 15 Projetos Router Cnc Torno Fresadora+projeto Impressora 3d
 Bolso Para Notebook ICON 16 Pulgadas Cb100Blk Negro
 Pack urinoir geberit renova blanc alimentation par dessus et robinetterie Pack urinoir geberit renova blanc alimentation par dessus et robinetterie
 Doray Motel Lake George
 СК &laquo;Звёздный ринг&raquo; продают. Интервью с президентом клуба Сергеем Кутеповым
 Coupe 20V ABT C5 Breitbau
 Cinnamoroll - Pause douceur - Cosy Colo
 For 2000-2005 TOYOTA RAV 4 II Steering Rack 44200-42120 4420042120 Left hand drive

════

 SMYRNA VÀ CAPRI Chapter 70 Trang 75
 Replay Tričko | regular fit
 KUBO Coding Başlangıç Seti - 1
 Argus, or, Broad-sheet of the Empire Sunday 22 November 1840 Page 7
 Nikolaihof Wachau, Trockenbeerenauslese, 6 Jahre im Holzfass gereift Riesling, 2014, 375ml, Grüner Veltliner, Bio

════

**Brief:**
Only the lines above starting with the one with "15 Projetos Router" and going through the one with "Cinnamoroll - Pause douceur - Cosy Colo" are to be copied, word for word and with both ends kept.

**Output of the exercise:**
 15 Projetos Router Cnc Torno Fresadora+projeto Impressora 3d
 Bolso Para Notebook ICON 16 Pulgadas Cb100Blk Negro
 Pack urinoir geberit renova blanc alimentation par dessus et robinetterie Pack urinoir geberit renova blanc alimentation par dessus et robinetterie
 Doray Motel Lake George
 СК &laquo;Звёздный ринг&raquo; продают. Интервью с президентом клуба Сергеем Кутеповым
 Coupe 20V ABT C5 Breitbau
 Cinnamoroll - Pause douceur - Cosy Colo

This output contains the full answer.